There are several ways to improve the performance of writing data to S3 using Spark. Here are some tips and recommendations:

Increase the size of the write buffer: By default, Spark writes data in 1 MB batches. You can increase the size of the write buffer to reduce the number of requests made to S3 and improve performance. You can set the buffer size using the configuration parameter spark.databricks.delta.logFileCommitBufferSize.
Use a faster S3 endpoint: If you are using a S3 bucket in a different region than your Databricks workspace, you can use a faster endpoint to improve write performance. You can set the fs.s3a.endpoint configuration parameter to the URL of the endpoint.
Use S3Guard: S3Guard is a feature of Hadoop that provides a consistent view of S3 data even when multiple writers are writing to the same bucket. You can enable S3Guard by setting the fs.s3a.metadatastore.impl configuration parameter to org.apache.hadoop.fs.s3a.s3guard.NullMetadataStore
Use instance storage: If your Databricks cluster has instance storage, you can use it to write data to local disk before copying it to S3. This can improve performance by reducing network traffic.

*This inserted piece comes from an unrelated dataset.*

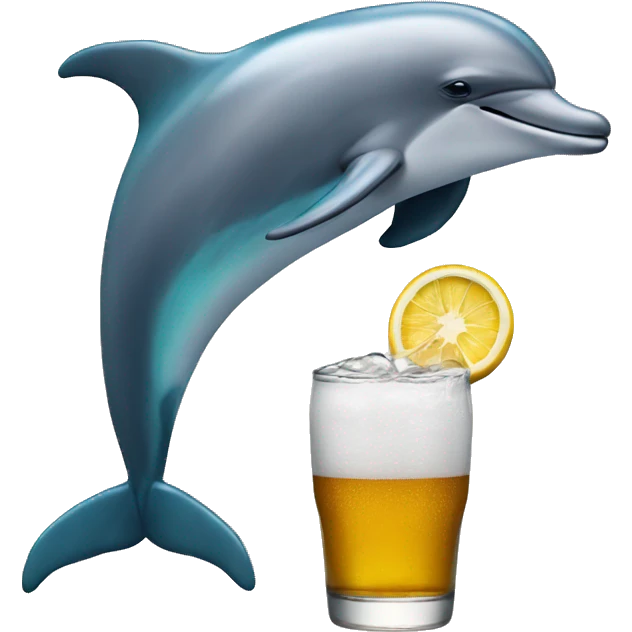 Dolphin drinking a modelo  emoji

You can set the spark.databricks.delta.logStore. configuration parameter to local
Parallelize the write: Partitioning the DataFrame by more than one column can help parallelize the write and improve performance. However, the number of partitions should not exceed the number of available cores in your cluster. You can set the number of partitions using the repartition or coalesce methods.
Optimize your data: If your data has a lot of small files, you can use the spark.sql.files.maxRecordsPerFile configuration parameter to control the size of the output files.
Optimize your storage: You can optimize the storage format of your data to improve write performance. For example, using a columnar storage format like Parquet can reduce the amount of data that needs to be written to S3.

Regarding the specific configuration parameters you mentioned:

spark.hadoop.fs.s3a.bucket.all.committer.magic.enabled: This parameter is used to enable the magic committer for all S3 buckets. The magic committer can improve write performance by reducing the number of S3 requests made during a write operation. However, this feature is only available for certain file systems and may not be compatible with Delta Lake.
spark.hadoop.fs.s3a.impl.disable.cache: This parameter is used to disable the S3A client cache. Disabling the cache can improve write performance by reducing the amount of memory used by the S3A client. However, this can also increase the number of requests made to S3.

Overall, it's recommended to experiment with different configuration parameters and settings to find the best combination for your specific use case.